A federal civil lawsuit was filed Monday against Air Methods Corp. of Greenwood Village alleging violations of safety standards in connection to an emergency-services helicopter.
The complaint, filed by the U.S. Attorney, District of Colorado, claims that an Air Methods helicopter, in Tampa, Fla., went on 51 flights after the company was notified by the Federal Aviation Administration that the helicopter’s pitot tubes — crucial in determining airspeed — were “severely corroded,” according to a news release.
Air Methods operates air-ambulance helicopters across the country.
The complaint alleges that on Nov. 4, 2014, an FAA aviation safety inspector identified the problem and that the helicopter “continued to operate” in violation of federal regulations.
“If a pitot tube is not functioning properly, it can cause the airspeed reflected on a helicopter’s instruments to vary significantly from the actual airspeed, which can present serious safety concerns,” the release said.

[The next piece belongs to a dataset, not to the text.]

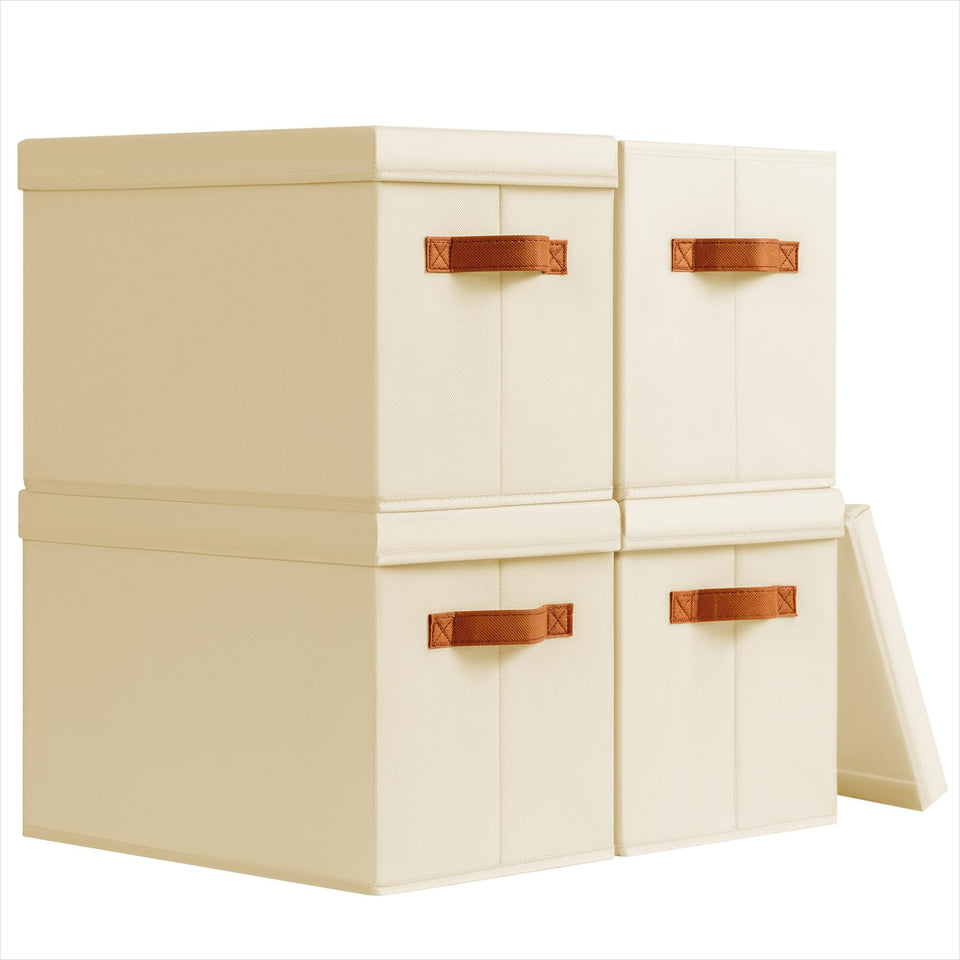 Homsorout storage bins with lids on shelf for clutter-free storage.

Air Methods was aware of the hazards, according to the complaint, which seeks to recover civil penalties from the Colorado company.

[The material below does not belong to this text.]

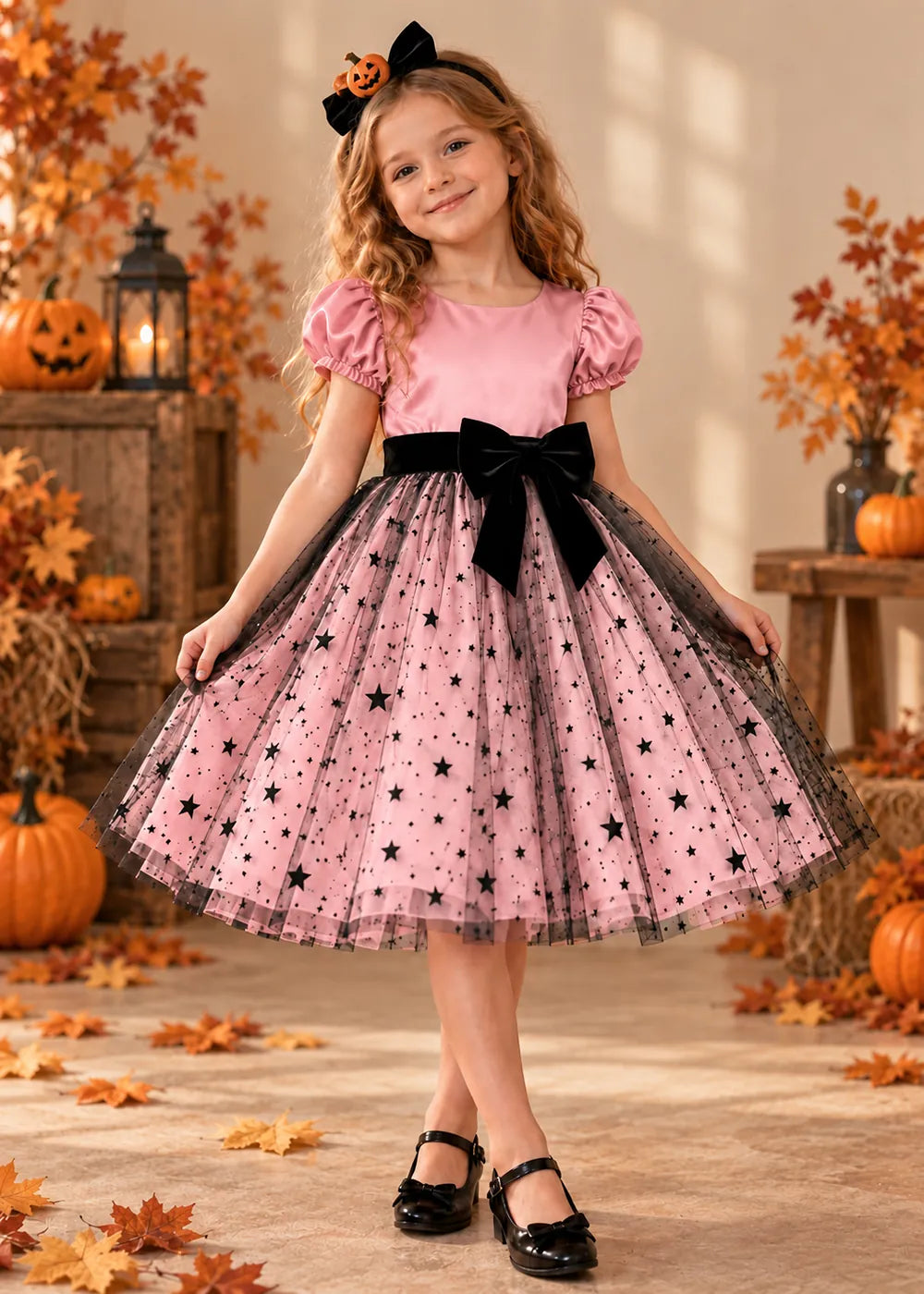 Front view of a blush pink star Tulle Flower Girl Dress with Puff Sleeves and Bow.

“When a federal safety inspector notifies an air-ambulance company that one of its helicopters has a potential safety issue, the company must address that issue,” U.S. Attorney Jason Dunn said in the release. “Air Methods kept the helicopter in the air despite being warned about the corroded pitot tubes, and we intend to hold the company accountable for its actions.”
Founded in 1980, Air Methods has a workforce of more than 4,500 people with more than 300 bases serving 48 states, according to its website.
“Air Methods vigorously disputes the allegations contained in the complaint but cannot provide further comment as the litigation is pending,” the company said Monday.